Ainsi, en 1563, dans sa 25e et dernière session, le concile de Trente précise que l’art doit édifier la foi, enseigner le sacré par l’émotion, avec des œuvres directement intelligibles, par opposition au maniérisme – l’art de la fin de la Renaissance – jugé trop complexe. L’art humaniste de la Renaissance n’est cependant pas totalement rejeté. Tout en continuant à inspirer les artistes, il devient plus « religieux et populaire », selon l’historien Jean Puyo. Il faut rejoindre tous les fidèles afin de les former. « La Contre-Réforme, pour répondre à l’individualisme protestant, est allée aux masses », écrira l’historien Alphonse Dupront. L’art ne doit plus divertir mais édifier les croyants : « Un art concentré, où rien ne vient détourner l’attention du chrétien méditant sur les mystères du Salut. Tout ce qui ne sert pas à cette fin doit en être banni, car c’est la grandeur de l’Évangile qui mérite de nous émouvoir, non la beauté de la nature », note Émile Mâle.

« La société des Cieux »

Autrement dit, pour Alphonse Dupront, l’art tridentin a pour objectif « de faire descendre le Ciel sur la terre » et « d’ouvrir pour les hommes de la terre la société souveraine des Cieux ». Dans ce but, il proscrit les images de nudité – les nus de Michel Ange, dans la chapelle Sixtine seront voilés –, le pittoresque ou les paysages, considérés comme inutiles.
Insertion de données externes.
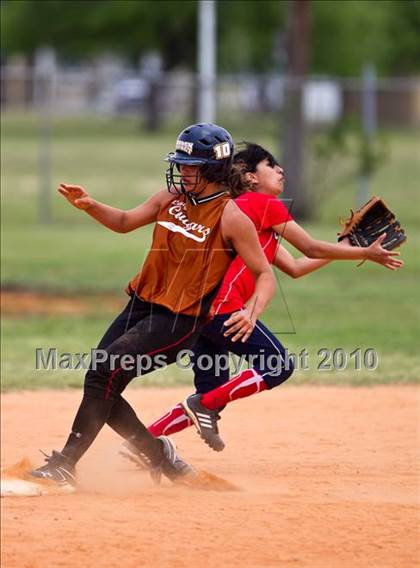 Thumbnail 2 in Cornerstone Christian vs Central Christian (Texas Christian Athletic League State Tournament) photogallery.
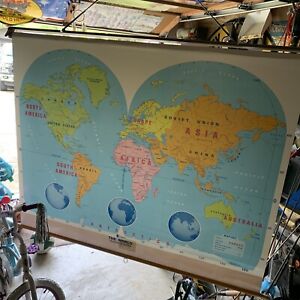 Vintage School Room Pull Down Retractable World Map 1991 Excellent Condition Usa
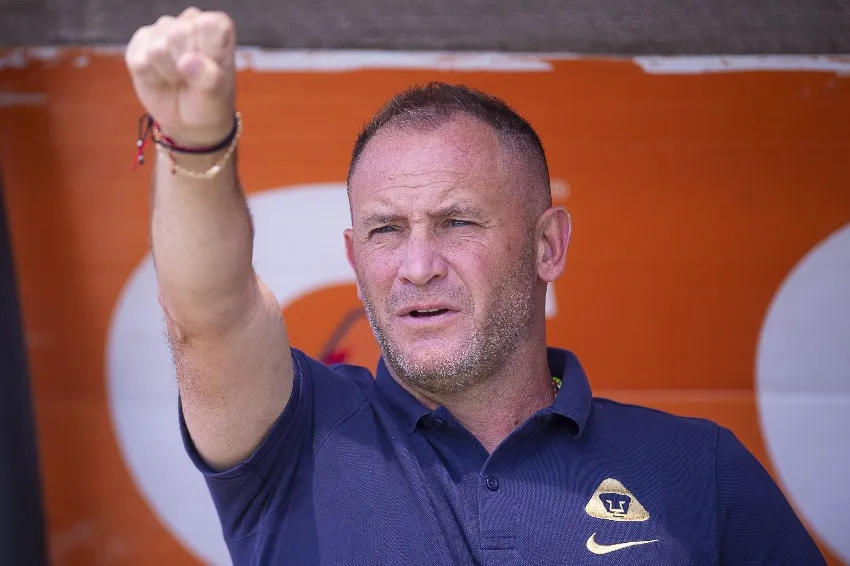 MEXSPORTS Andrés Lillini previo a un partido de Pumas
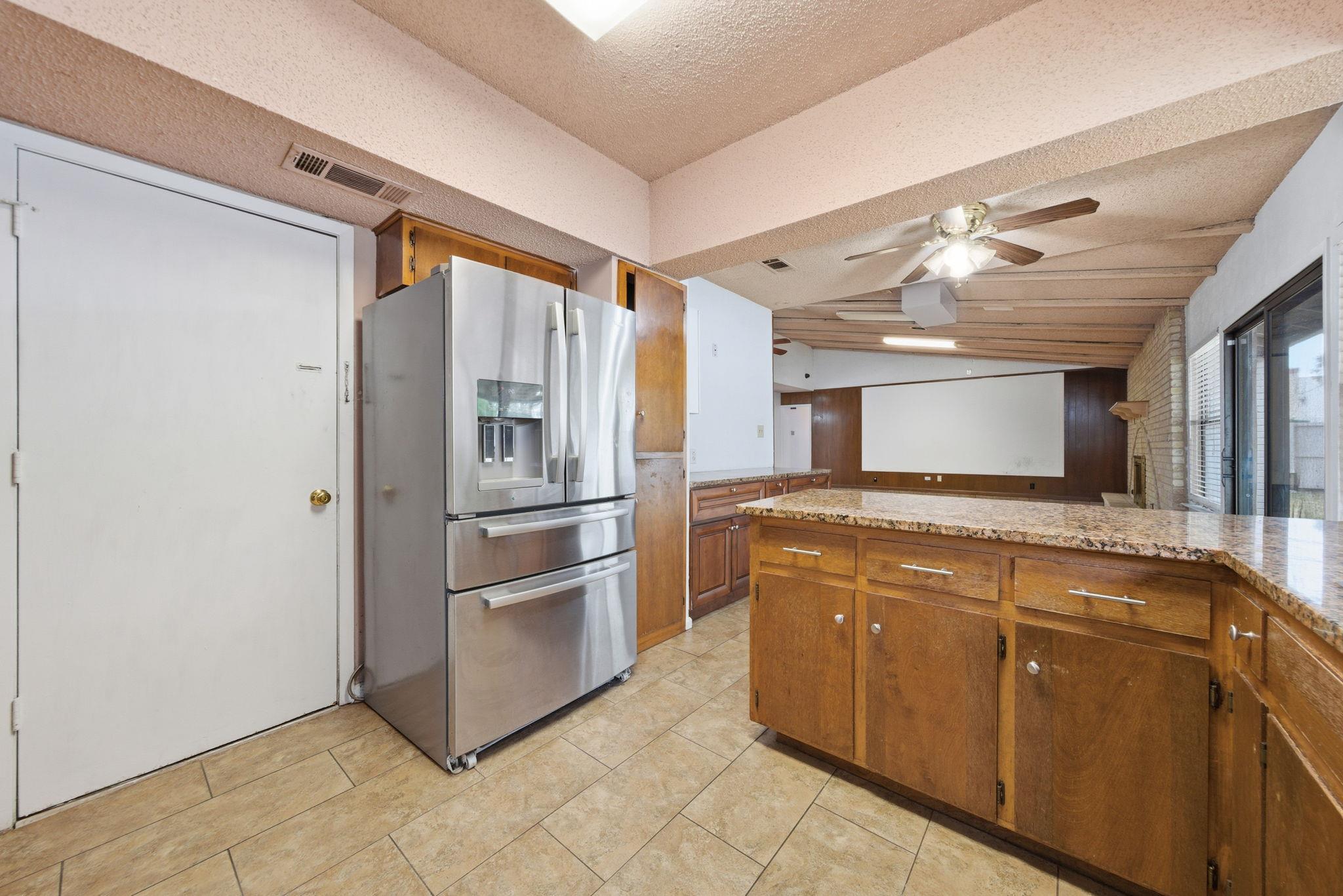 8900 Briardale Dr, Austin, TX 78758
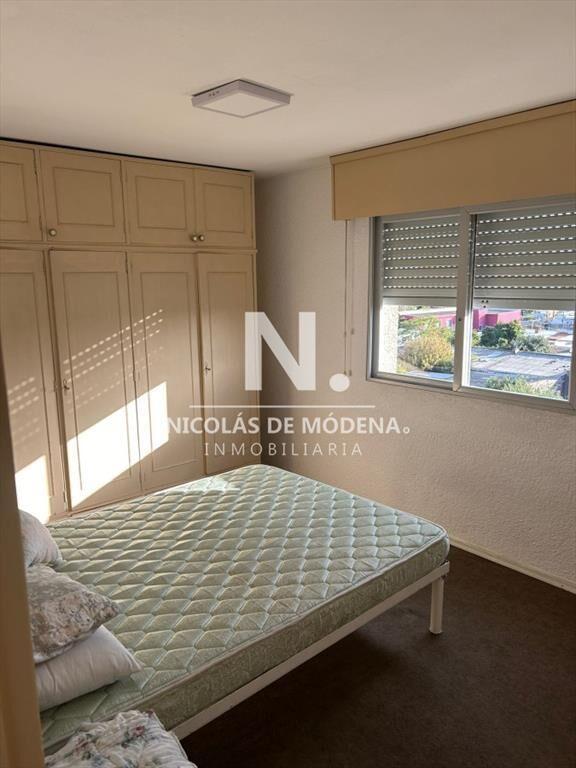 Vende impecable apartamento de 2 dormitorios, en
À cet art nouveau, les Pères conciliaires n’imposent cependant pas de forme stylistique précise. « Deux évêques vont mettre en œuvre les nouvelles normes, dans des textes à caractère pastoral : ils seront les deux grands chefs d’orchestre du baroque, organisant le basculement du goût, pour accomplir les principes théologiques et pastoraux du concile », explique Mathieu Lours.

Le premier est saint Charles Borromée, archevêque de Milan, qui édicte les règles de l’architecture religieuse. Tandis que son ami le cardinal Gabriele Paleotti, archevêque de Bologne, publie un Traité des saintes images, qui devient la référence des peintres à la fin du XVIe siècle.

Le « cahier des charges », bien que précis, laisse une grande liberté aux artistes. Ceux-ci travaillent sur commande, souvent guidés par des théologiens, « dans un esprit de dialogue avec leurs commanditaires. Ce n’est pas du tout un fonctionnement totalitaire : il suffit pour cela de voir la variété des styles baroques, des formes les plus sobres aux plus somptueuses », constate Mathieu Lours.

Face à l’iconoclasme protestant, l’art postconciliaire évoque l’incarnation de manière parfois exacerbée, d’où lui viendra cette appellation de « baroque » – de l’espagnol berrueco, et du portugais
, qui désignent une perle irrégulière.